• [Exercise details] Where the data below begins, start duplicating lines exactly, and finish with the line containing "capacidad que tienen"; add nothing else. Leave the pictures out.

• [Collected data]
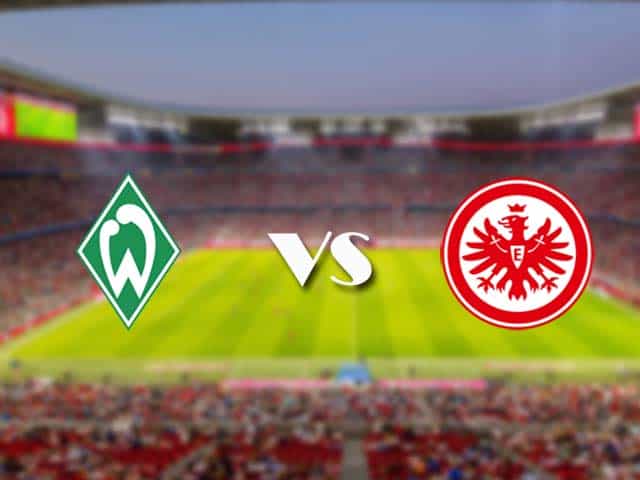 Soi kèo nhà cái trận Werder Bremen vs Eintracht Frankfurt, 27/2/2021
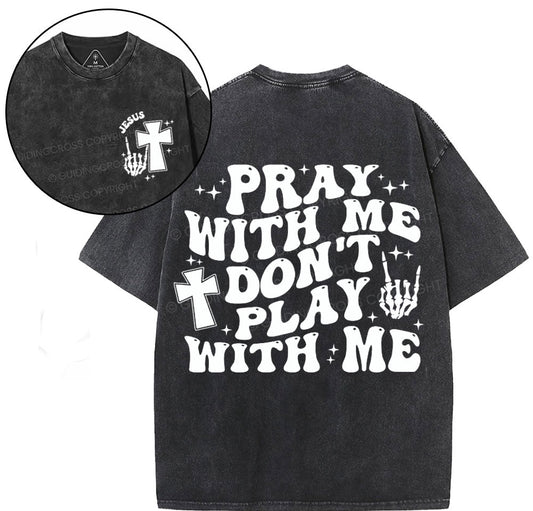 Pray With Me Don't Play With Me Christian Washed T-Shirt Sale - GuidingCross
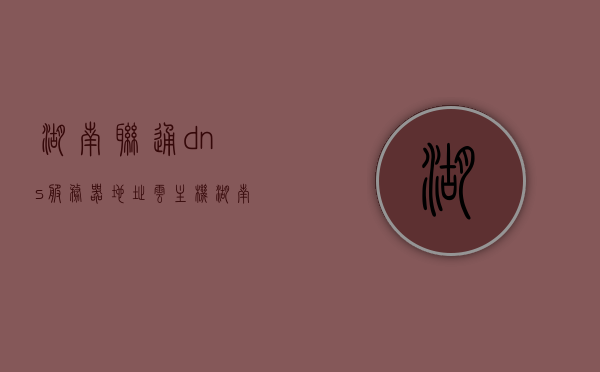 湖南联通dns服务器地址云主机（湖南联通地址在哪里），湖南联通DNS服务器地址及云主机位置解析 第1张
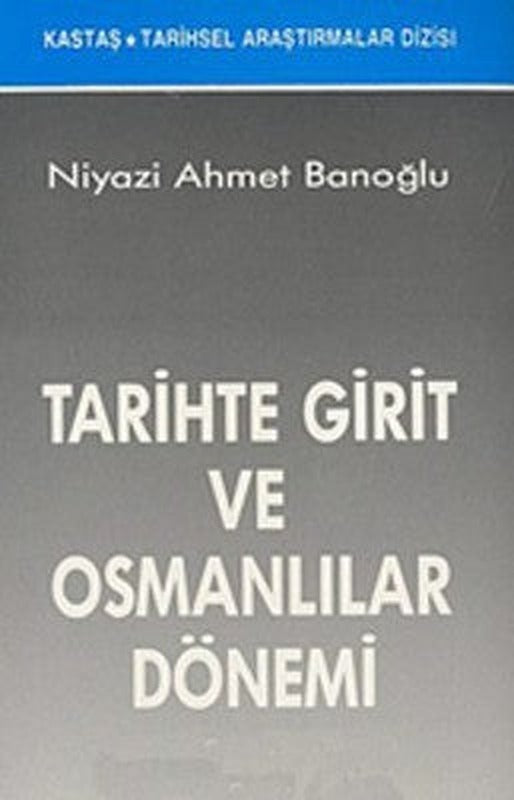 Tarihte Girit ve Osmanlılar Dönemi | Kastaş Yayınları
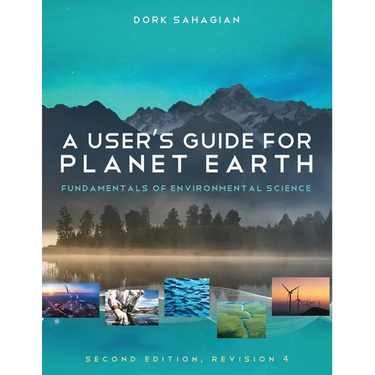 A User's Guide for Planet Earth: Fundamentals of Environmental Science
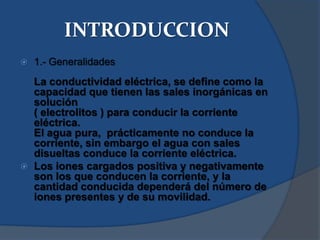 INTRODUCCION
   1.- Generalidades
    La conductividad eléctrica, se define como la
    capacidad que tienen las sales inorgánicas en
    solución
    ( electrolitos ) para conducir la corriente
    eléctrica.
    El agua pura, prácticamente no conduce la
    corriente, sin embargo el agua con sales
    disueltas conduce la corriente eléctrica.
   Los iones cargados positiva y negativamente
    son los que conducen la corriente, y la
    cantidad conducida dependerá del número de
    iones presentes y de su movilidad.
 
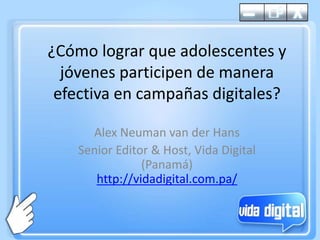 ¿Cómolograrqueadolescentes y jóvenesparticipen de maneraefectiva en campañasdigitales? Alex Neuman van der Hans Senior Editor & Host, Vida Digital (Panamá)http://vidadigital.com.pa/ 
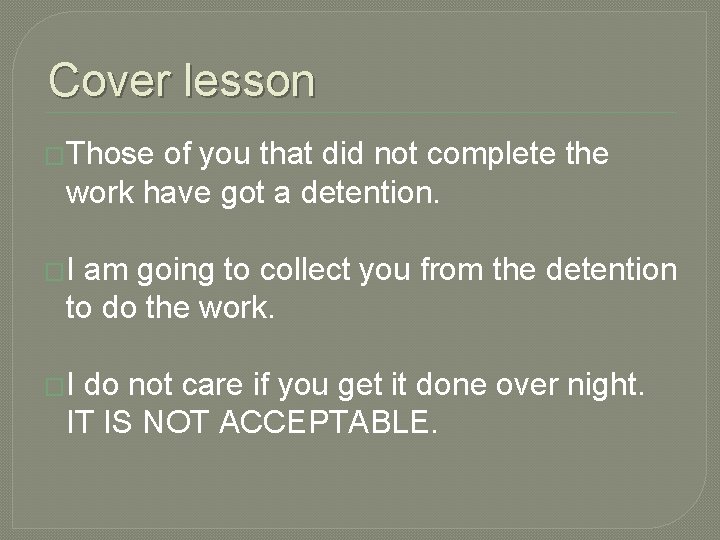 Cover lesson �Those of you that did not complete the work have got a Cover lesson �Those of you that did not complete the work have got a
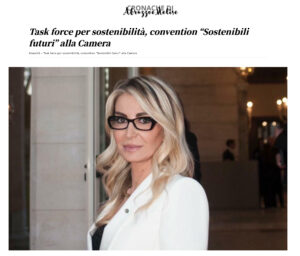 Cronache di Abruzzo e Molise - Task force per sostenibilità, convention “Sostenibili futuri” alla Camera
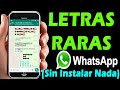 COMO ESCRIBIR EN WHATSAPP CON LETRAS RARAS 😂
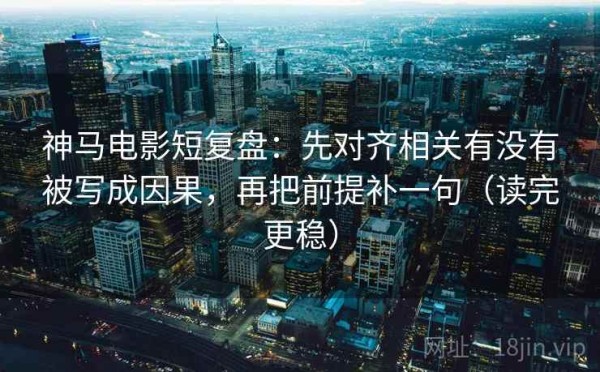 神马电影短复盘：先对齐相关有没有被写成因果，再把前提补一句（读完更稳）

• [Written response]
 Soi kèo nhà cái trận Werder Bremen vs Eintracht Frankfurt, 27/2/2021
 Pray With Me Don't Play With Me Christian Washed T-Shirt Sale - GuidingCross
 湖南联通dns服务器地址云主机（湖南联通地址在哪里），湖南联通DNS服务器地址及云主机位置解析 第1张
 Tarihte Girit ve Osmanlılar Dönemi | Kastaş Yayınları
 A User's Guide for Planet Earth: Fundamentals of Environmental Science
 INTRODUCCION
   1.- Generalidades
    La conductividad eléctrica, se define como la
    capacidad que tienen las sales inorgánicas en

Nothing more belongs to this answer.